FIG. 5 is a diagram showing an example of the input/output characteristics of the limiter circuit in FIG. 4, FIG. 6 is a block diagram showing still another embodiment of the noise reducer according to the present invention, and FIG. 7 is the limiter circuit in FIG. 6. Figure 8 shows an example of the input/output characteristics of
This figure is a block diagram showing a specific example of the limiter circuit in FIGS. 4 and 6, FIG. 9 is a block diagram showing an example of a conventional noise reducer, and FIG. 10 is a frequency characteristic diagram thereof. 1.2... Arithmetic circuit, 3... Delay circuit, 4... Coefficient multiplication circuit, 5... Input terminal, 6...... Output terminal, 7...Limiter circuit, 8...Control circuit, 9...RAM
, 10...ROM. Figure 1 Figure 2 Figure 3 (A) (B) Input S/N Figure 4 Figure 5 Figure 6 Figure 7 Figure 8 Figure 9 Figure 10

Claims (1)

[Claims] 1. A first arithmetic circuit to which an input image signal is supplied; a delay circuit that delays the output image signal of the first arithmetic circuit by a unit period; A second arithmetic circuit that generates a difference signal from the input image signal, and a feedback coefficient K that is
(However, 0≦K<1) is set, and the first arithmetic circuit includes a coefficient multiplier circuit that multiplies the difference signal by the feedback coefficient K, and the first arithmetic circuit converts the input image signal and the output signal of the coefficient multiplier circuit.
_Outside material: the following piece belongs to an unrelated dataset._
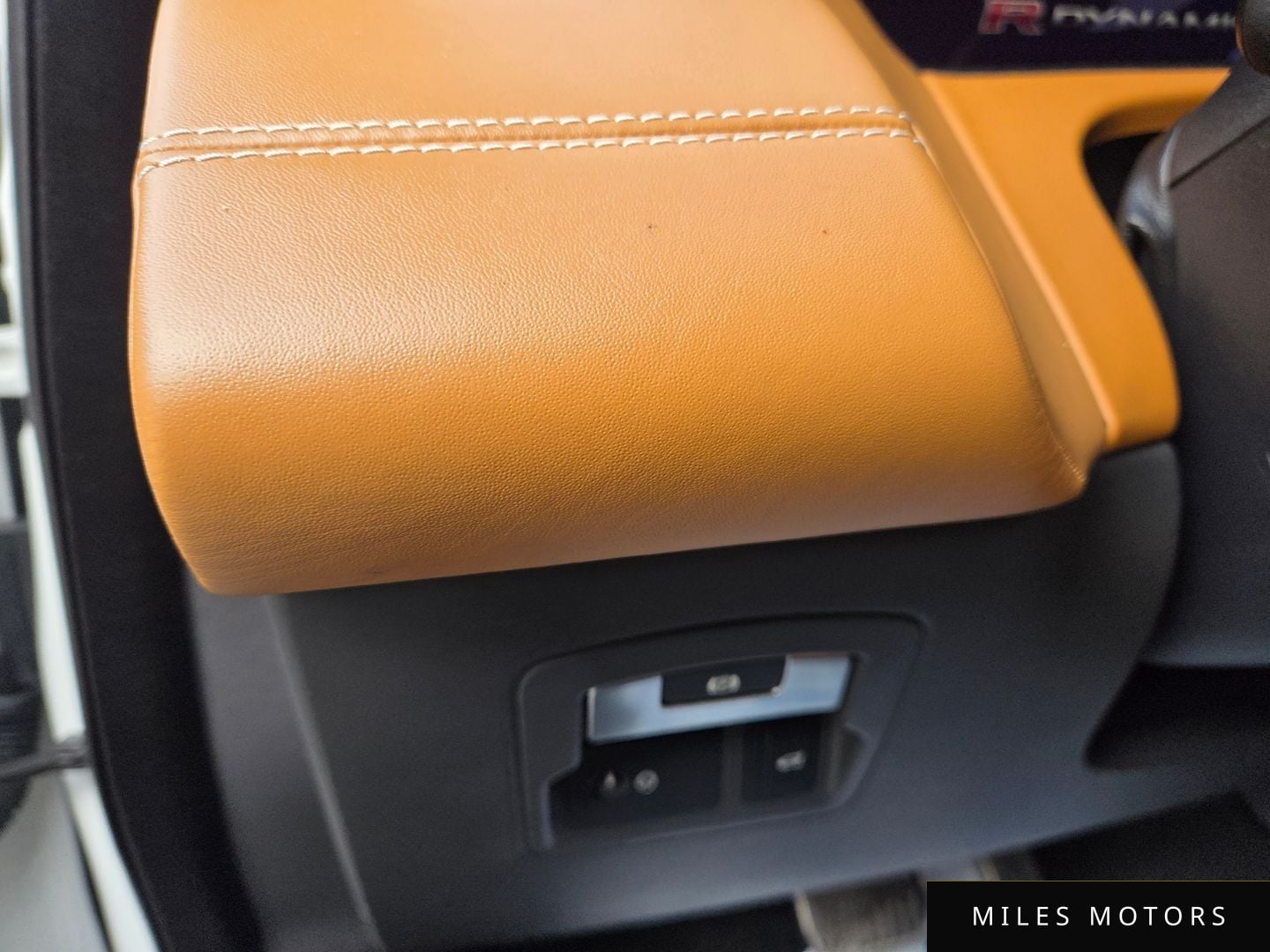 Land Rover Range Rover Velar 2019 — миниатюра 10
In the noise reducer that performs arithmetic processing, the second
a limiter circuit that processes the difference signal output from the arithmetic circuit; and a control circuit that controls the input/output characteristics of the limiter circuit and the feedback coefficient of the coefficient multiplication circuit, and In addition to serving as an input signal to the coefficient multiplier circuit, the control circuit switches and sets the feedback coefficient K of the coefficient multiplier circuit, and sets input/output characteristics to the limiter circuit according to the coefficient set in the coefficient multiplier circuit. A noise reducer characterized by: 2. In claim 1, the limiter circuit has a rewritable memory that stores a function α giving an input characteristic;
A noise reducer, characterized in that data corresponding to the difference signal from the second arithmetic circuit is read out from the memory and outputted. 3. In claim 2, instead of the coefficient multiplier circuit in which the feedback coefficient K is set and the limiter circuit in which the input/output characteristic function α is set, the coefficient K·α is controlled by the control circuit. 1. A noise reducer comprising a limiter circuit having a memory that can be rewritten. 4. In claim 1, the limiter circuit has a read-only memory that stores functions of input/output characteristics corresponding to each feedback coefficient K to be set in the coefficient multiplication circuit, and the control circuit controls the A noise reducer characterized in that a function of input/output characteristics is selected according to a feedback coefficient K set in a coefficient multiplication circuit.